Hospitality Ticket Triage

Human
Decides
category, priority (low → urgent), department, guest-facing draft reply
Escalates when
priority is high/urgent, or the text mentions refund, chargeback, passport, safety, injury, or legal
Verified run
“$2,400 chargeback”priority: urgentHuman

Lead Qualification + Scoring

Human
Decides
ICP fit score (0–100), tier A/B/C, intent, next-best action, reply
Escalates when
score ≥ 80, tier A, enterprise/security/legal terms, or a borderline lead with hot intent
Verified run
“VP, multi-property, budget approved”fit score 85Human

Review Response Agent

Auto
Decides
sentiment, category, severity, brand-voice public response
Escalates when
negative sentiment or high severity
Verified run
“5-star review”positiveAuto

Customer Onboarding Engine

Auto
Decides
segment, personalization plan, first steps, risk flags, welcome
Escalates when
enterprise/high-value, SSO, security/legal, money-touching, or missing consent
Verified run
“SMB, non-technical”routineAuto

Internal Ops SOP Bot

Human
Decides
answer, cited SOP references, confidence, reply (grounded RAG)
Escalates when
low confidence, or the question touches a spill, safety, HR, refund, or waiver
Verified run
“Refund policy?”cites P1Human
05

From Prototype to Production

Alongside each runnable kit is a design-exact production scaffold — an importable n8n graph that is not yet run with live data. They share a common shape:

  • Multi-channel intake — webhook, email/IMAP, schedule, or Telegram.
  • Normalize — dedup, canonical schema, and consent / lawful-basis checks.
  • Cheap classifier → premium drafter — cost-tiered models, with citation-enforced retrieval (RAG) where there is a knowledge base.
  • Force-HIL validation — the deterministic gate, in code.
  • Mandatory approval — a send-and-wait step in Slack or email, with an approve / redraft / escalate router; execution only fires after approval.
  • Audit + recovery — an immutable log with cost tracking, a dedicated error sub-workflow, and feedback capture for continuous improvement.

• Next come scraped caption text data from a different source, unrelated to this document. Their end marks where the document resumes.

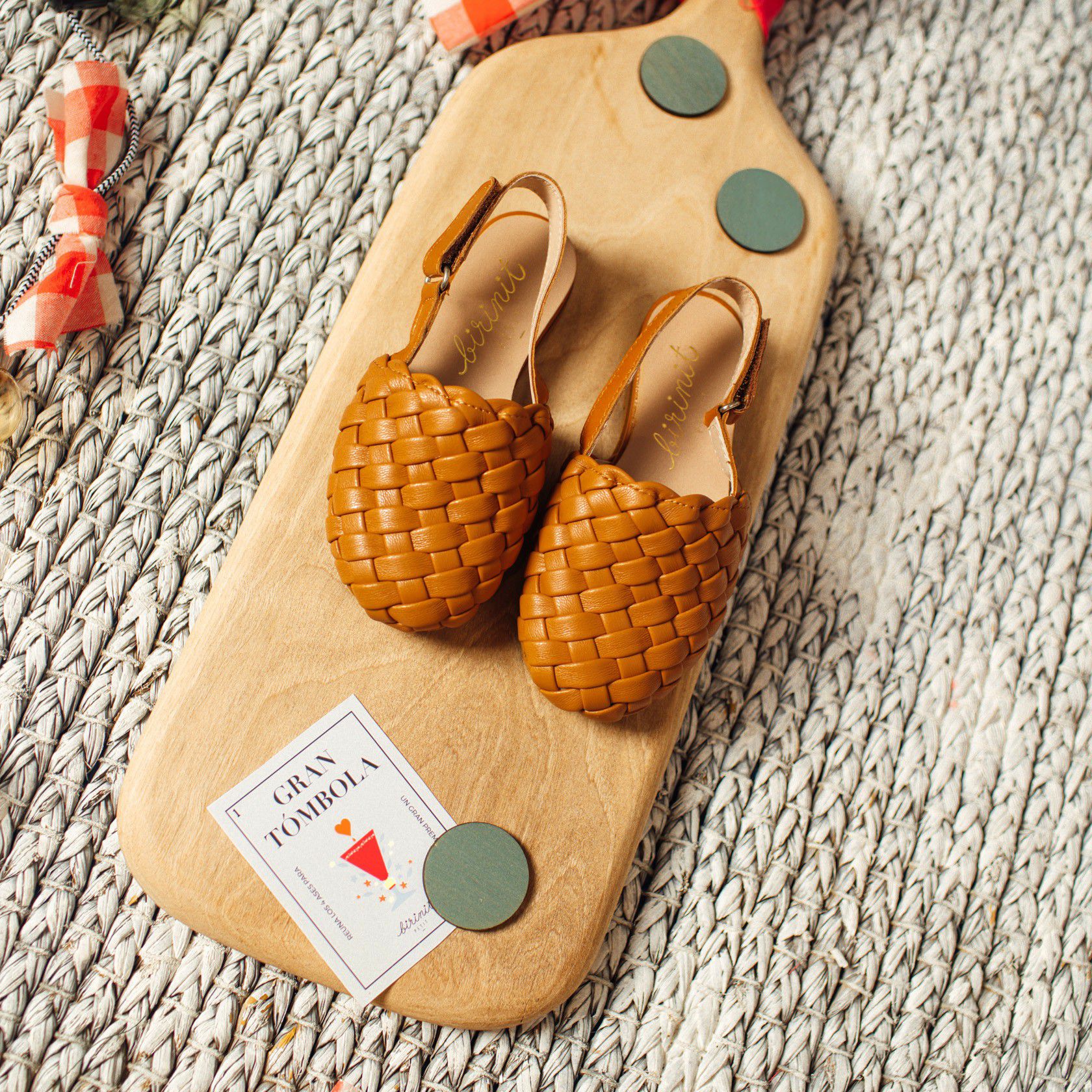  - VALI鞋履AI设计主图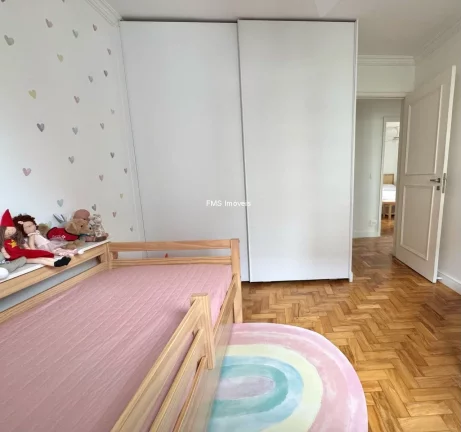 Imagem Apartamento à venda em Moema, 3 quartos sendo 1 suíte, 3 banheiros, 1 vaga de garagem.
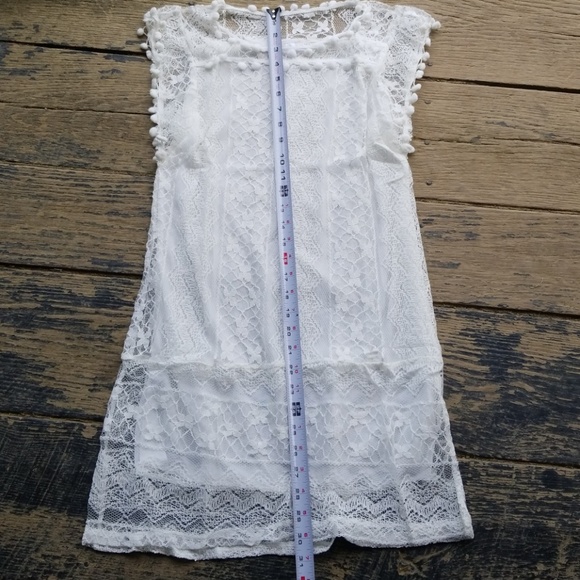CUTE  LACE MINI DRESS/COVER UP - Picture 3 of 5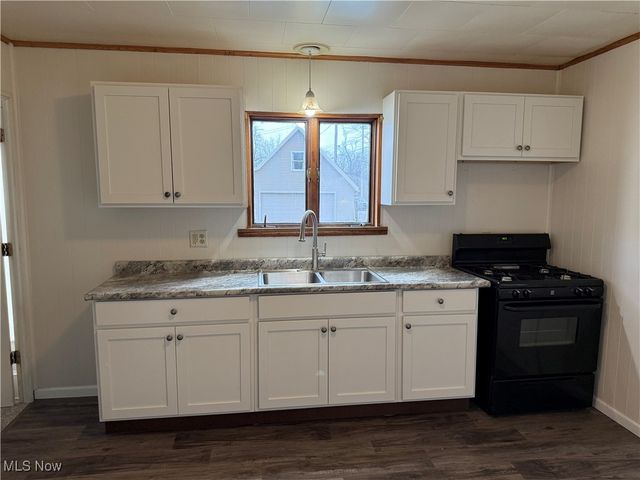 214 W 7th Street, Uhrichsville, OH 44683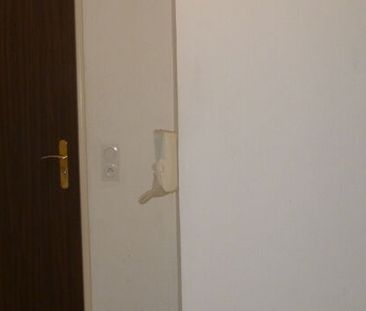 Appartement 2 pièces 56m2 REIMS 690 euros - Photo 2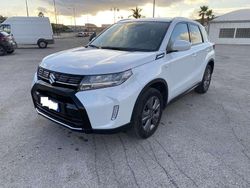 Bianco Usata 2024 Suzuki Vitara Cool SUV | 20.600 € (Ottimo prezzo)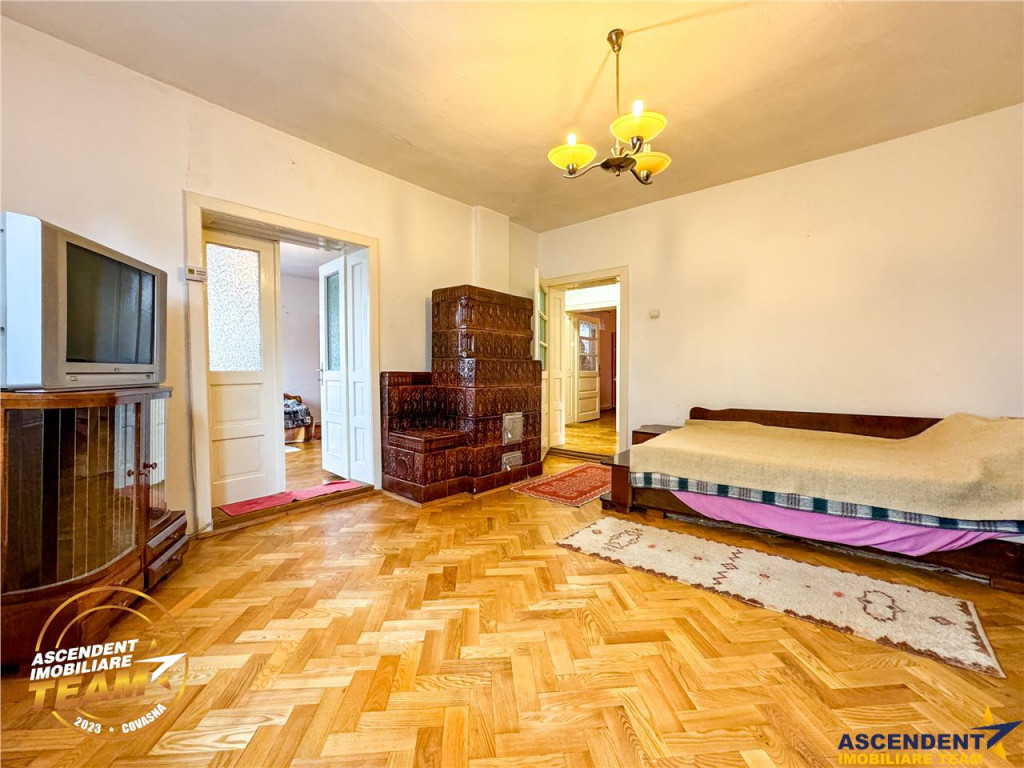 Sfantu Gheorghe Central,9camere,271mp utili,teren 547mp,4 in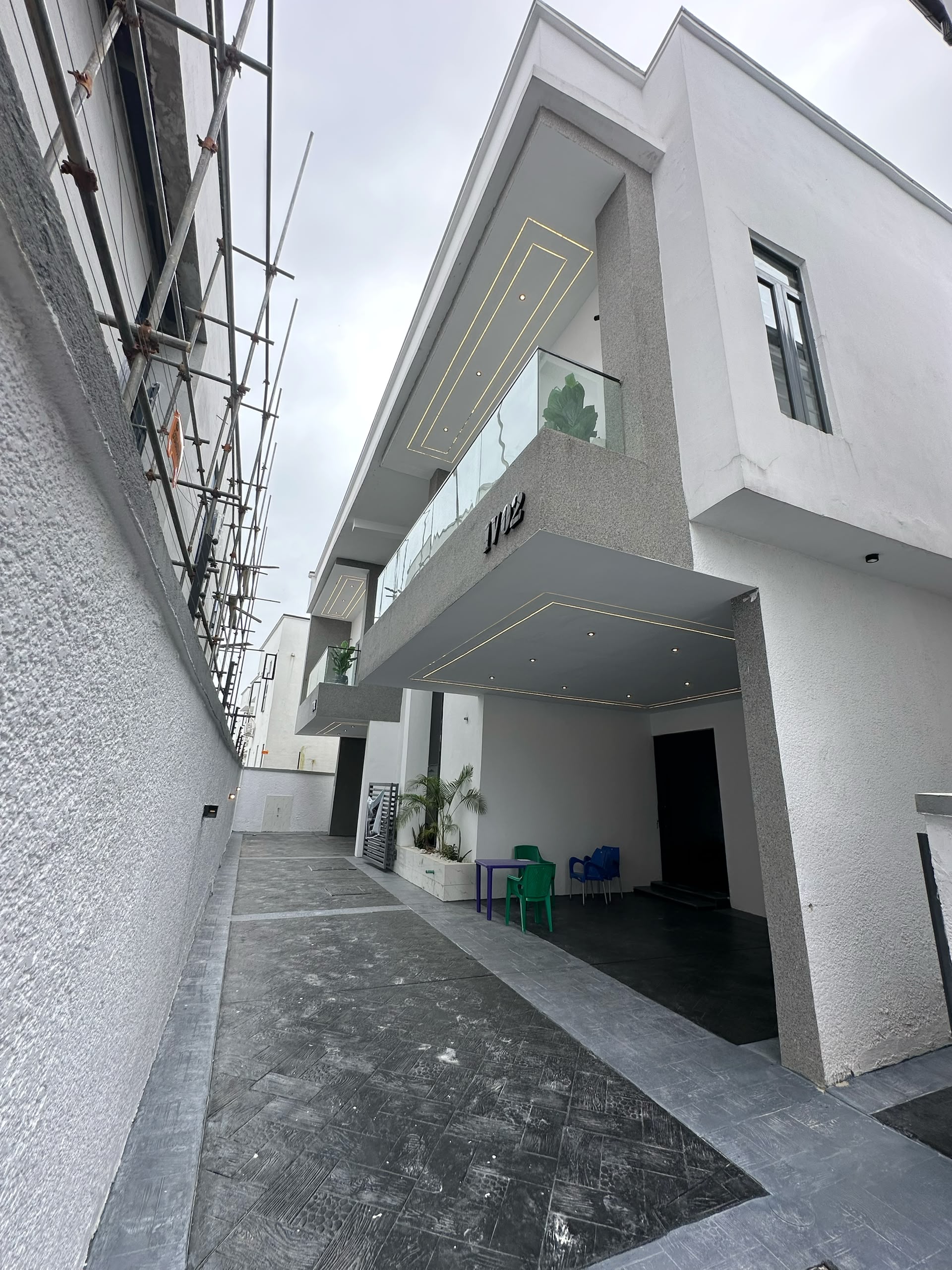 4 Bedroom Semi Detached 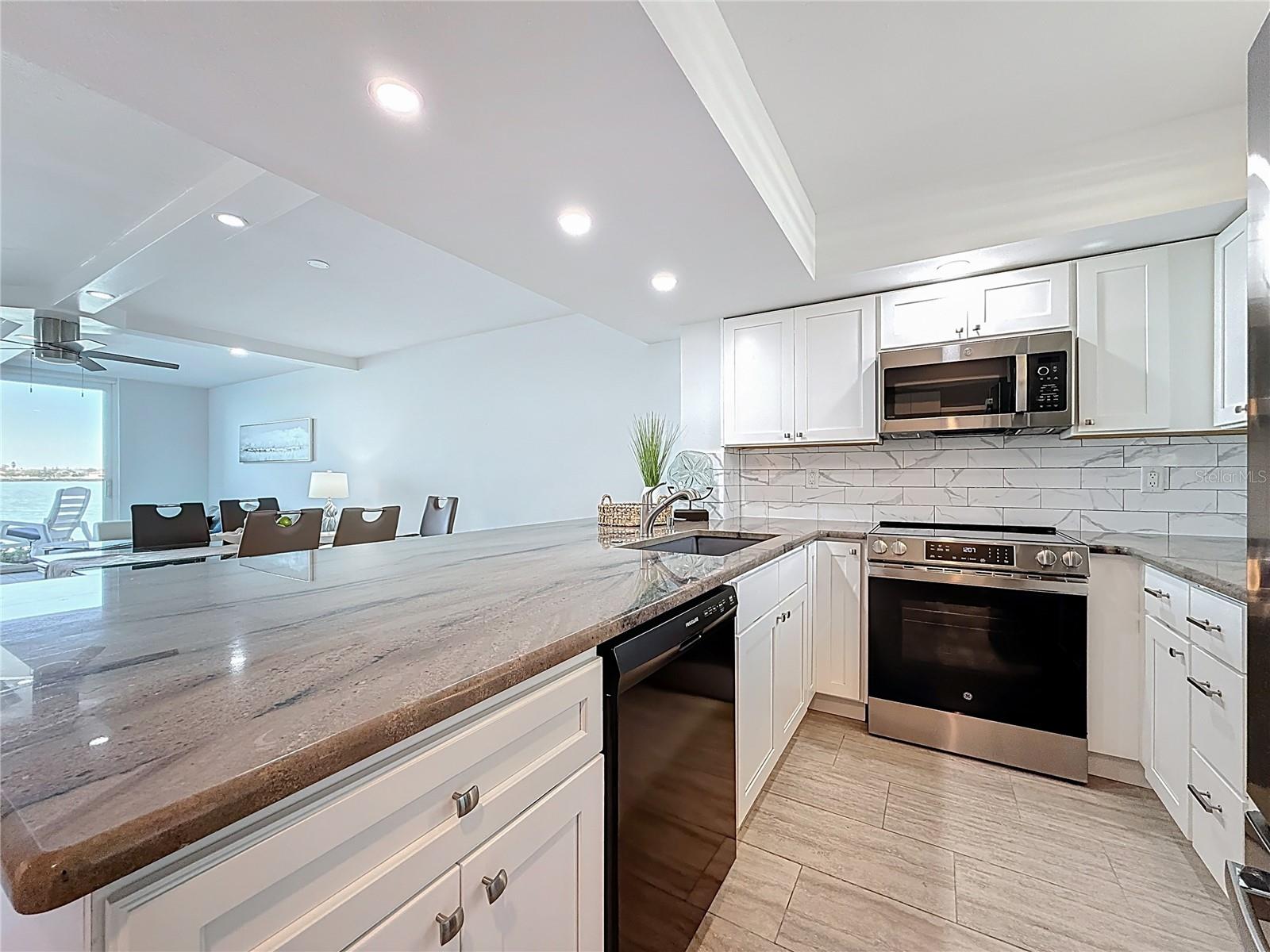 BAY ISLAND GROUP 4 - Residential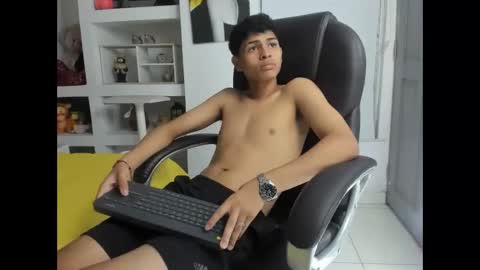 Snapshot of nico_viper_ chatting on March 2026 07:30:01 PM NICO online show from March 2026 07:30:01 PM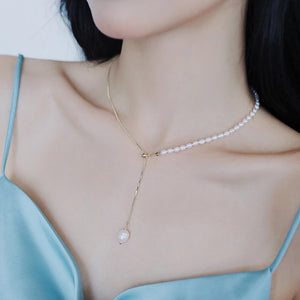 Pearl Pendant Necklace in Gold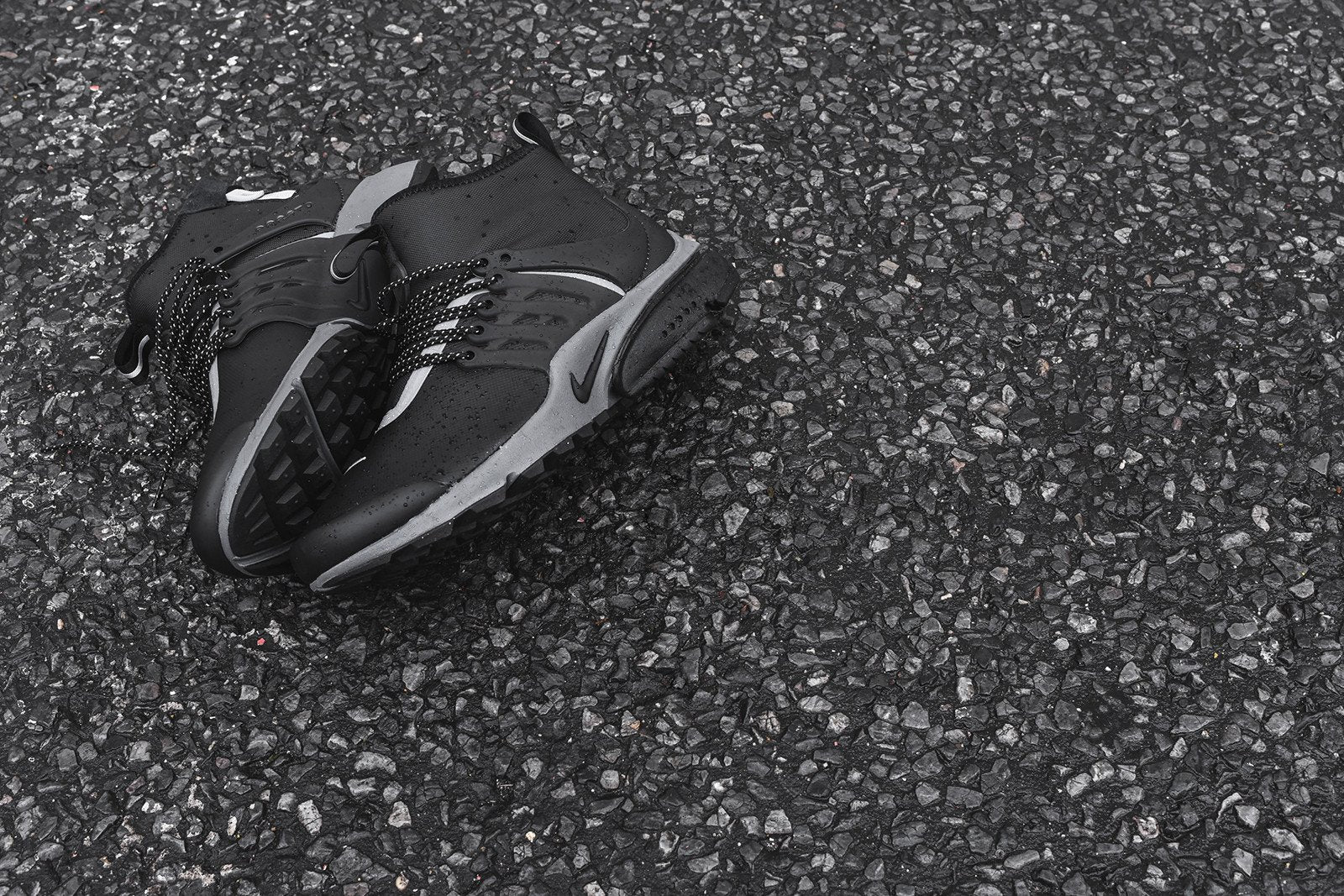Nike WMNS Air Presto Utility Mid - Black / Grey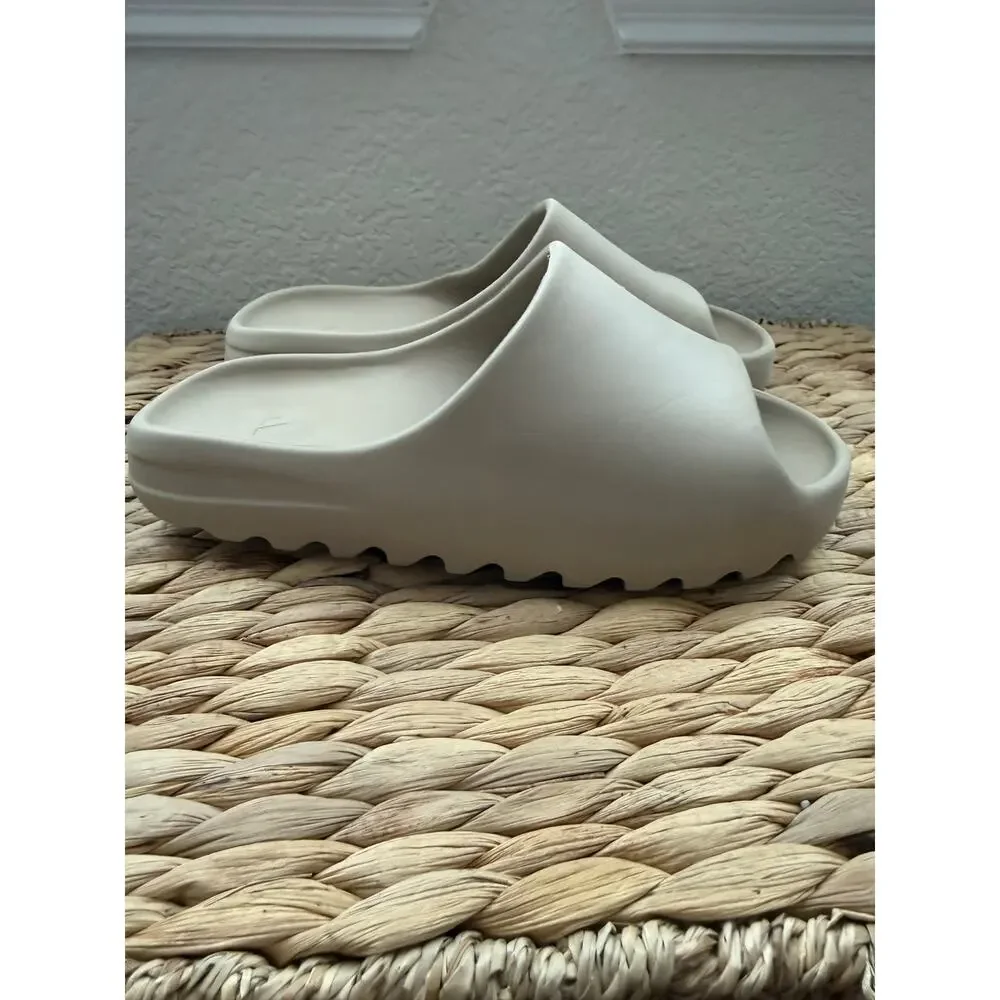 adidas Yeezy YZY Slide Bone Beige FZ5897 Men’s US 7 Women’s US 8 Slip-On Sandals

Productionizing a kit means swapping the local-Ollama node for its real channels and model, adding credentials, and feeding sanitized data.

Scope & Honesty
  • The five runnable kits execute end to end on local Ollama with no cloud API keys; verified on built-in sample inputs (2026-06-02, gate retest 2026-06-19).
  • The production graphs are design-exact and importable, but have not yet been run with real channels or data.
  • No client metrics or ROI claims — this is sample-set proof of the classify/score/draft plus human-gate logic.
  • Sample inputs are synthetic and the embedded SOP policies are illustrative.